EXERCISE AIM:
The copy must run from the line containing "Factory Price Fruit" through the final line of the records, both included, exactly as written. It should contain no pictures.

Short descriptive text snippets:
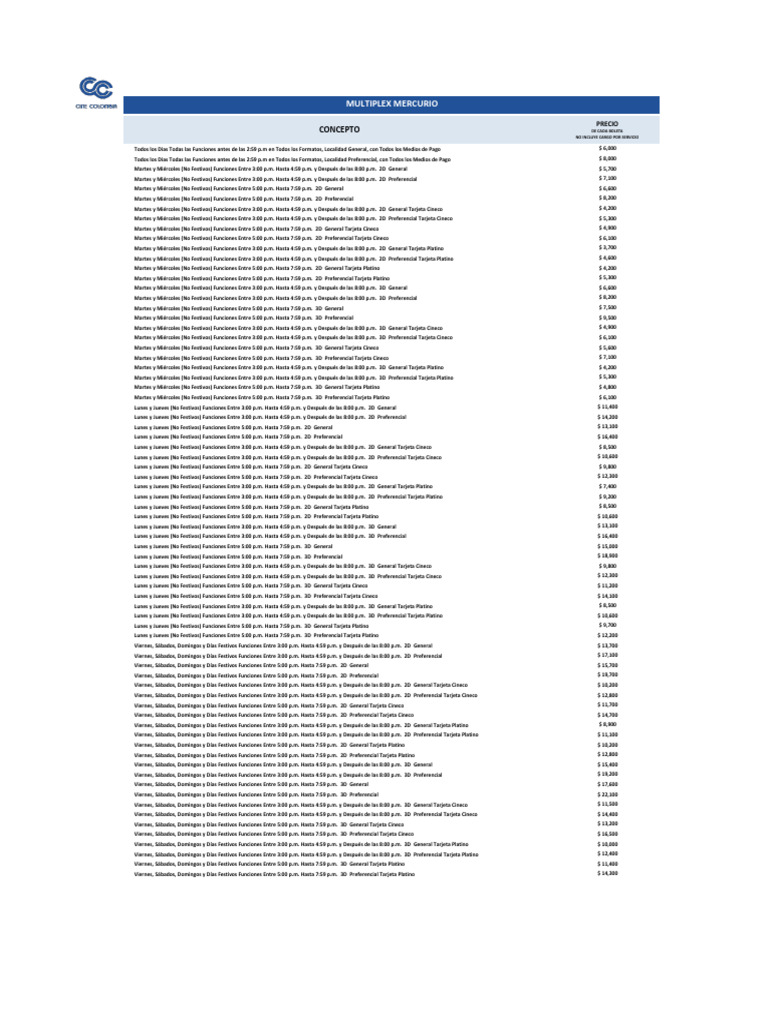tabla-de-precios-2024-multiplex-mercurio-pdf-observancias-d-as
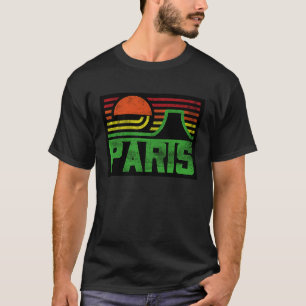 Retro Paris Frankrijk Outfit Illustration Gra T-shirt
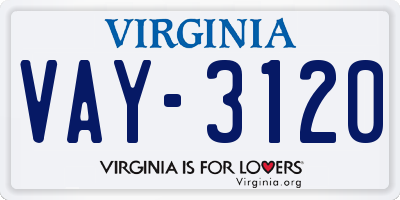 VA license plate VAY3120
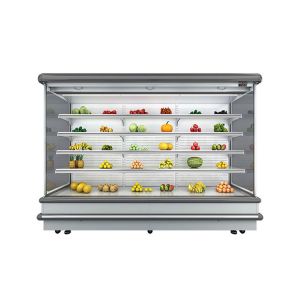 Factory Price Fruit Shop Vertical Open Front Supermarket Display Chiller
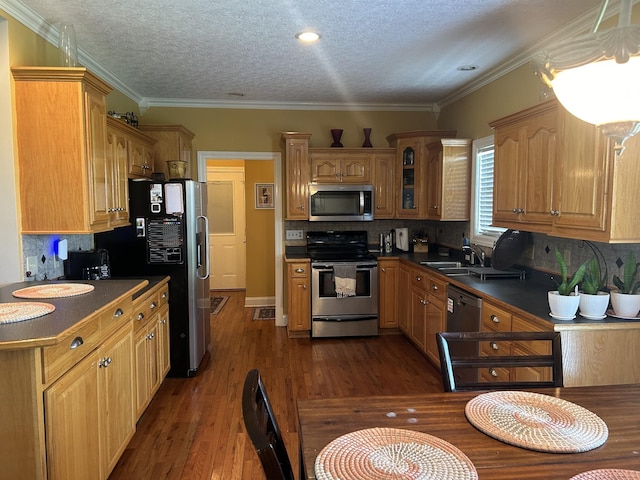 kitchen with decorative backsplash, dark countertops, appliances with stainless steel finishes, and dark wood-style flooring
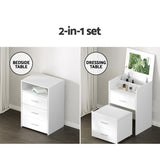 Artiss 2-in-1 Dressing Table Stool Set Bedside Table White FURNI-L-DRESS04-BS-WH-AB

ANSWER BOX:
 Factory Price Fruit Shop Vertical Open Front Supermarket Display Chiller
 kitchen with decorative backsplash, dark countertops, appliances with stainless steel finishes, and dark wood-style flooring
 Artiss 2-in-1 Dressing Table Stool Set Bedside Table White FURNI-L-DRESS04-BS-WH-AB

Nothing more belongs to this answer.